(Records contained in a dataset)
---------------

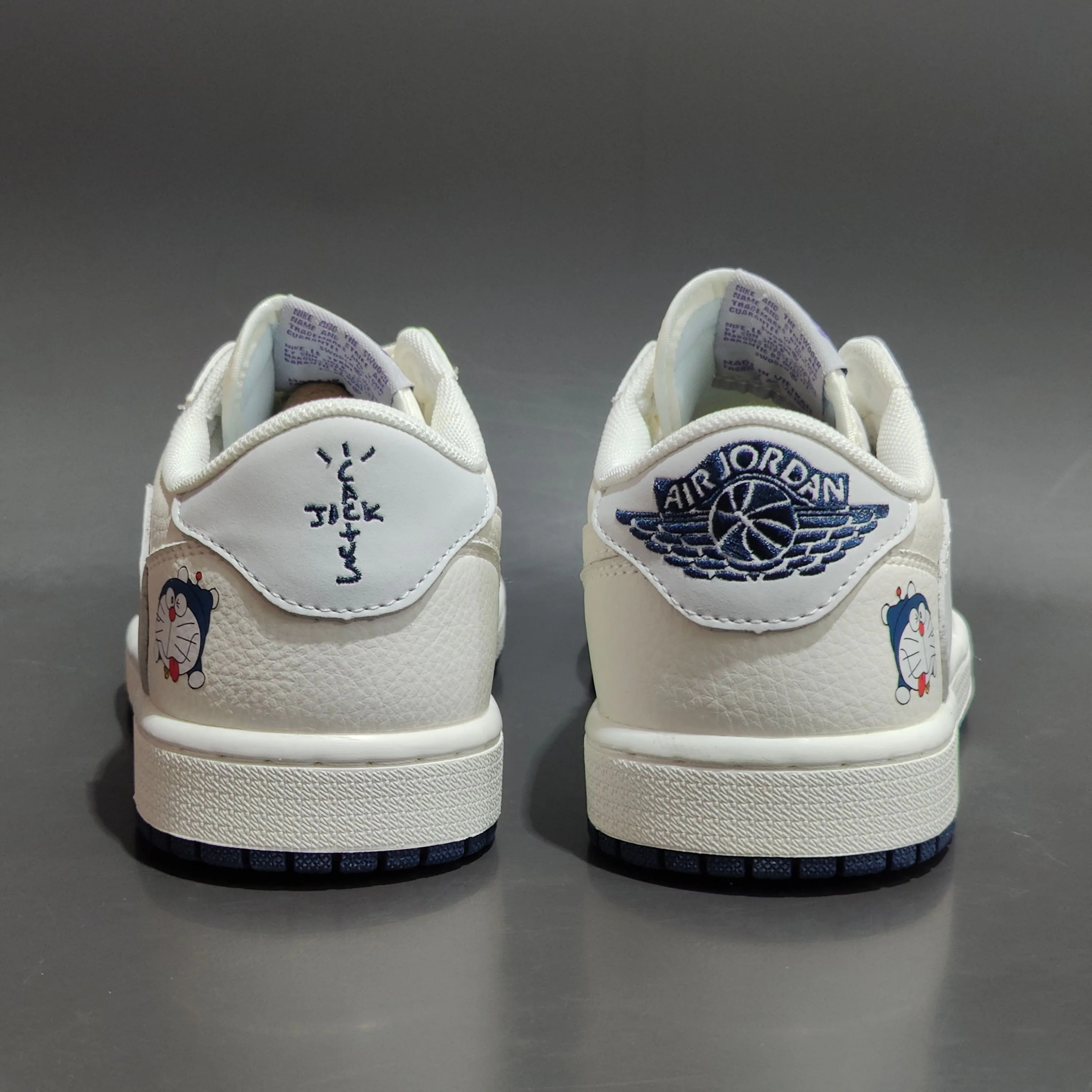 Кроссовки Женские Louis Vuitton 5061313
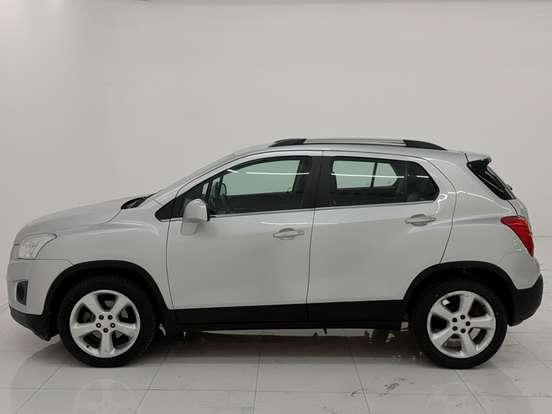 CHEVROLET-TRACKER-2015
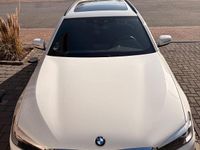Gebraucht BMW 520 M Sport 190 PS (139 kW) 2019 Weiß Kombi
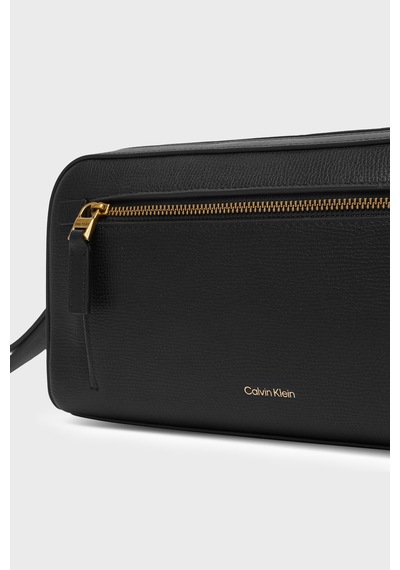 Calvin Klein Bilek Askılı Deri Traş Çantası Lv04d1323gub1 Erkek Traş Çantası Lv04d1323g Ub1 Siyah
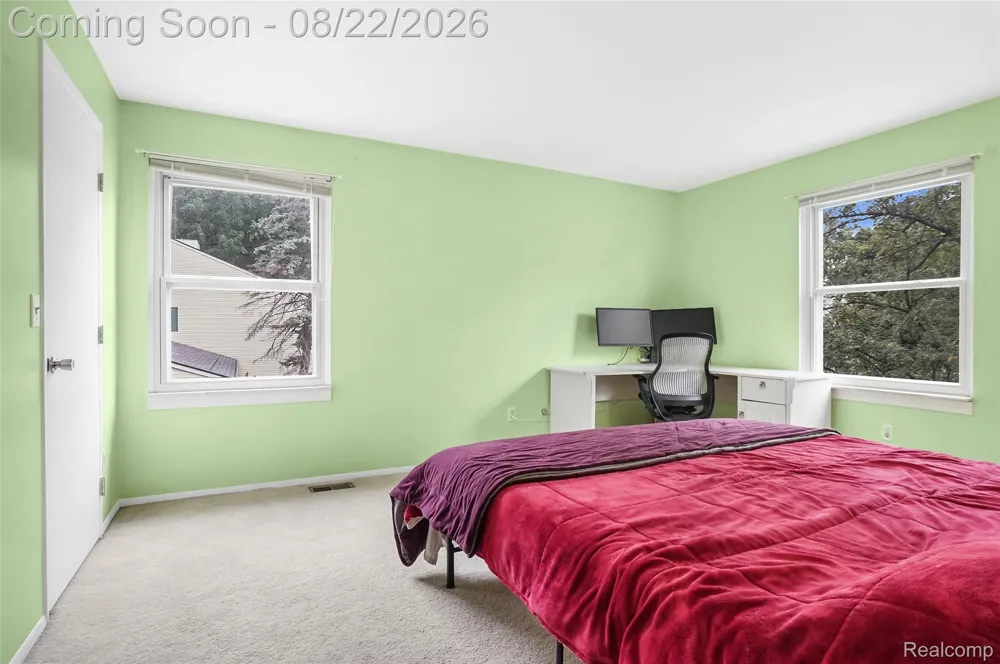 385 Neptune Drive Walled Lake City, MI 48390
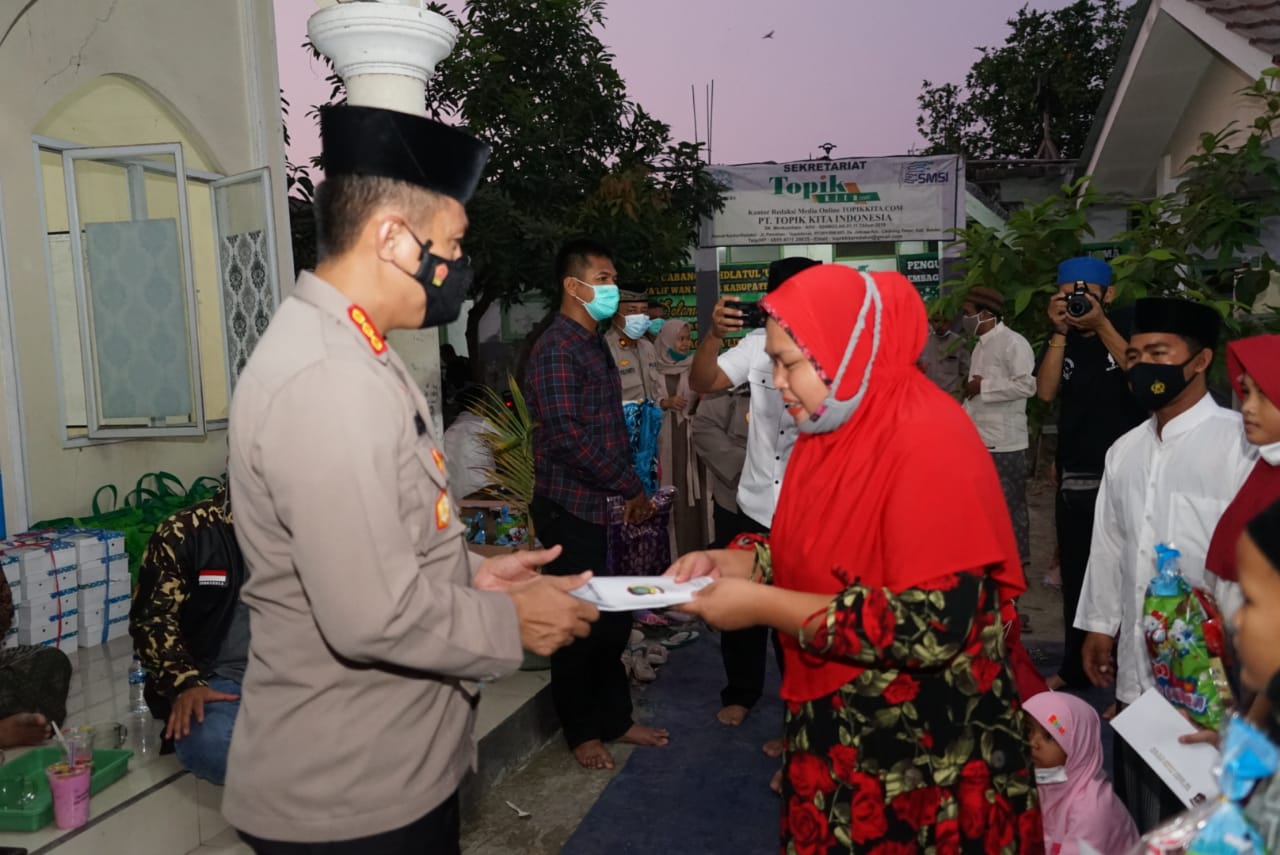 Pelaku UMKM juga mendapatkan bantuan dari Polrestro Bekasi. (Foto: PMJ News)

---------------

WHAT THE TASK ASKS
Reproduce the lines above exactly, please, but not the pictures in them.

ANSWER BELOW
 Кроссовки Женские Louis Vuitton 5061313
 CHEVROLET-TRACKER-2015
Gebraucht BMW 520 M Sport 190 PS (139 kW) 2019 Weiß Kombi
 Calvin Klein Bilek Askılı Deri Traş Çantası Lv04d1323gub1 Erkek Traş Çantası Lv04d1323g Ub1 Siyah
 385 Neptune Drive Walled Lake City, MI 48390
 Pelaku UMKM juga mendapatkan bantuan dari Polrestro Bekasi. (Foto: PMJ News)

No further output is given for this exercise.